Link failure is often an unavoidable part of networking. However, there are methods of improving the reliability of a router or bridge network even when link failures occur. For example, SONET/SDH seal-healing rings are frequently used to add a level of robustness to router networks. This ring protection switching is now extended to Ethernet links. You can configure Ethernet ring protection for a series of two or more systems so that if one link fails, traffic is rerouted around the failure on the ring.

The basic idea of Ethernet ring protection is to use one specific link to protect the whole ring. This special link is the ring protection link (RPL). When all links are up and running, the RPL blocks traffic and remains idle. The RPL itself is controlled by the designated RPL owner node. There is only one RPL owner node on the ring and the RPL owner node is responsible for blocking the RPL interface under normal operating conditions. However, if a link failure occurs on the ring, the RPL owner node is responsible for unblocking the RPL interface and protection–switching the traffic on the alternate path around the ring.
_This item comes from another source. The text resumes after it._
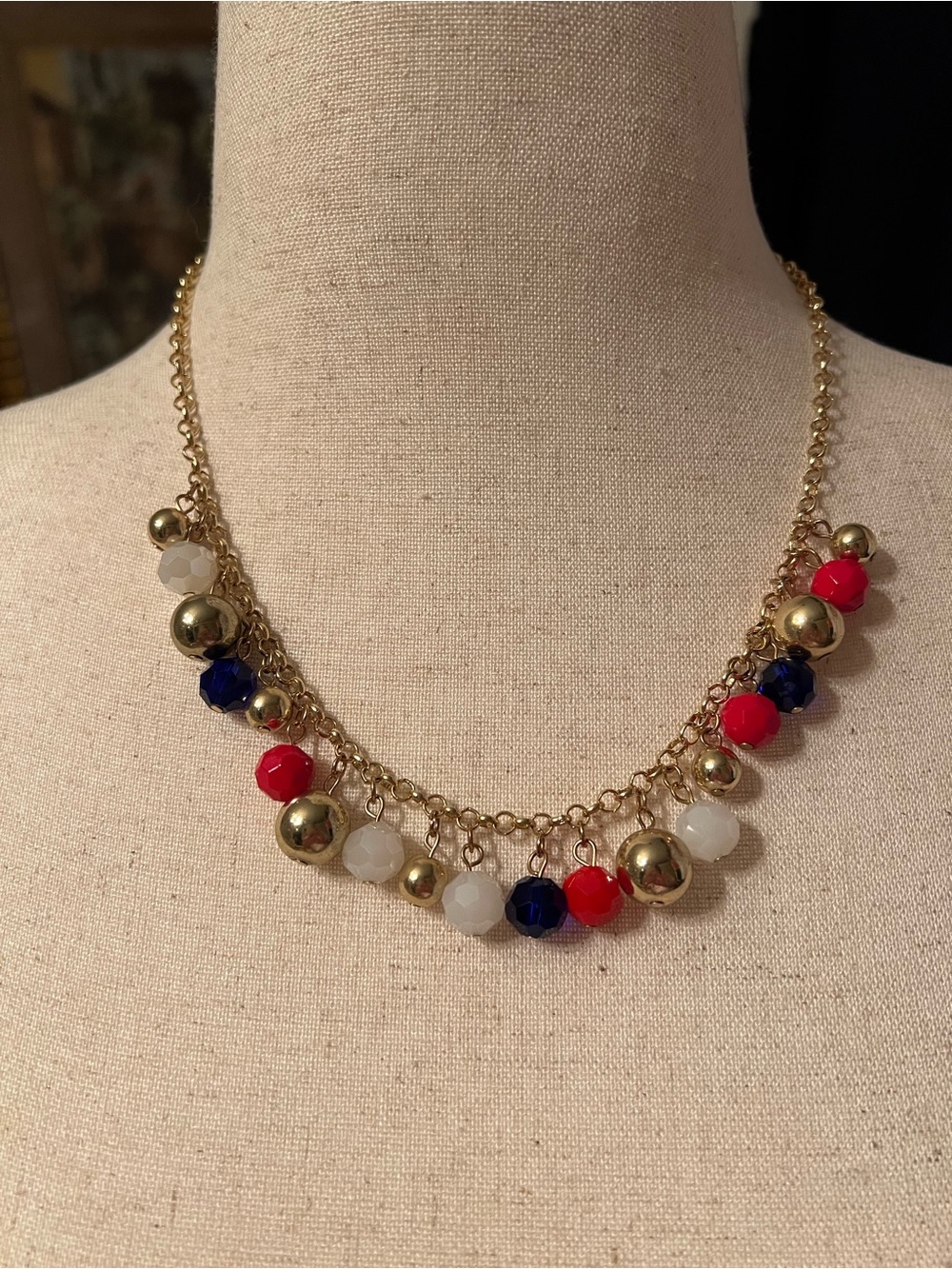 Gold Chain Necklace with Red, Navy and White Beads - Patriotic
An Ethernet ring automatic protection switching (R-APS) messaging protocol coordinates the protection activities of all nodes on the ring. The APS blocks traffic over the failed link and unblocks traffic over the RPL.

When the failed link is repaired, the traffic reverts to its normal pattern. That is, the RPL owner blocks the RPL link and unblocks traffic over the cleared link.

Two or more nodes form a ring. Links between the nodes form a chain, with the last node also connecting the first. Every ring node therefore has two ports related to the ring, one in each direction. In this chapter, these directions are referred to as east and west.

Every node on the ring is one of two types:

  • RPL owner node—This node owns the RPL and blocks or unblocks the RPL as conditions require. This node initiates the R-APS message.

  • Normal node—All other nodes on the ring (that is, those that are not the RPL owner node) operate as normal nodes and have no special role on the ring.

In addition to roles, each node on the Ethernet ring can be in one of several states:

  • Init—The node is not yet participating in the ring.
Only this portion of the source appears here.